もし万一、和解に応じて頂けない場合、あるいは私共社員家族などに違法な督促があった場合、あるいは小切手の返却が無かった場合、あるいは小切手を取り立てに回すようなことがあった場合には、やむをえず、貴殿の貸金業登録、代表者、銀行預金口座、電話契約名義、事務所の賃借名義などを調査の上、出資法違反により、刑事告発をするしかありません。 またこの場合、83万5千円の不当利得返還請求訴訟だけでなく、貸金の数百倍の金額の慰謝料請求権が発生することも考えられますので、ご注意下さい。
このような文書をお送りするのは大変失礼かと存じますが、私共としても、生きていくために必死になって考え抜き、何人かの専門家に相談した結果の結論です。 貴殿には大変感謝しておりますが、会社を存続するためにはこのようなお願いをするしか方法がありません。

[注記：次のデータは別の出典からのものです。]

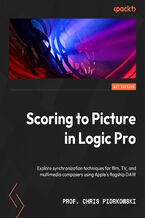 Okładka - Scoring to Picture in Logic Pro. Explore synchronization techniques for film, TV, and multimedia composers using Apple's flagship DAW - Prof. Chris Piorkowski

どうかご理解くださいますよう、重ねてお願い申し上げます。
以上
平成14年5月19日
有限会社 山本不動産 代表者および社員一同より
12.闇金との決戦
闇金8社の内、4社が過払いで、1社がゼロ、3社に残債務が残っていた。
早速、猫さんにアドバイスを貰い、例のご通知を作った。
過払い4社には例のご通知を送り、債務ゼロには内容を少し変えて債務ゼロでの和解の通知を出した。
再計算しても残債務が残る3社には「今まで支払った金額を元金充当した残りの債務を少額の分割支払いで」という内容に変えて通知をした。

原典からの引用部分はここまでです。